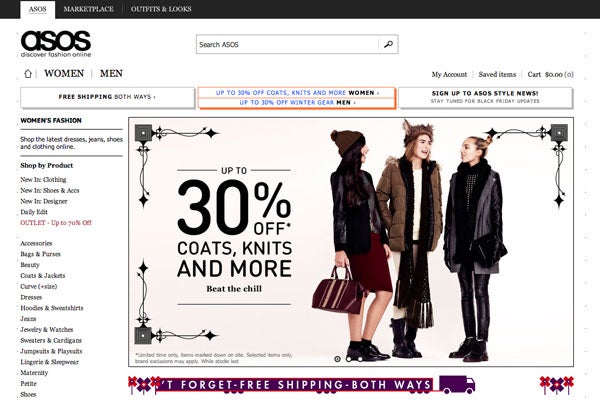 asos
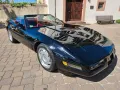 Corvette C4 Cabrio LT1/Nur 77Tkm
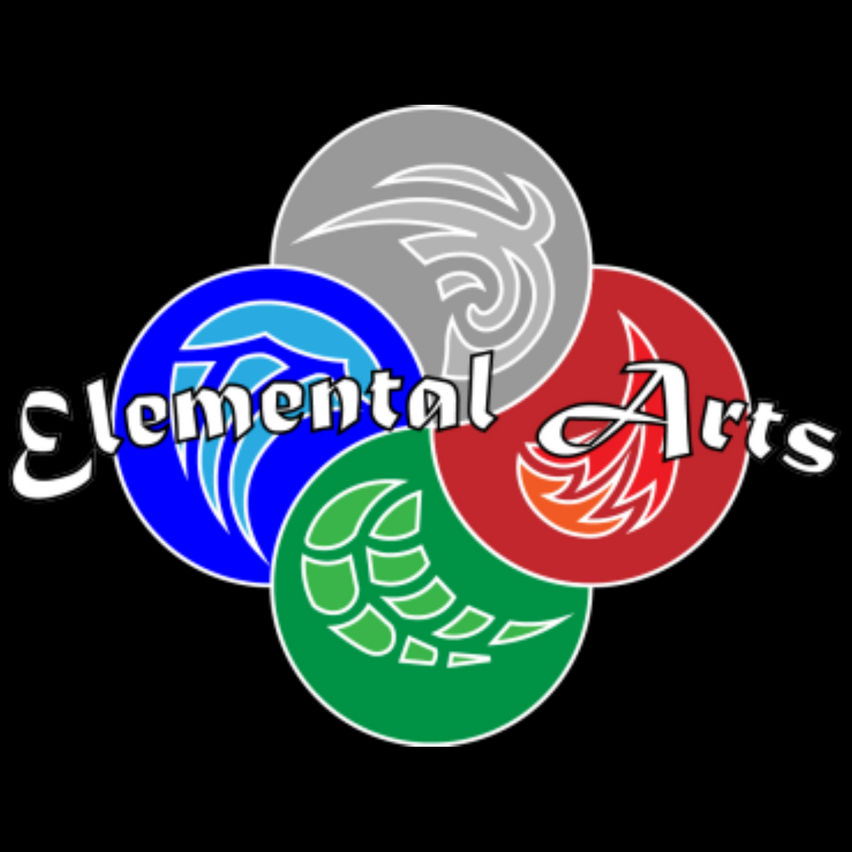 Elemental Arts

******

» Description of the task:
Would you repeat the material exactly, keeping out any pictures?

» Written response:
 asos
 Corvette C4 Cabrio LT1/Nur 77Tkm
 Elemental Arts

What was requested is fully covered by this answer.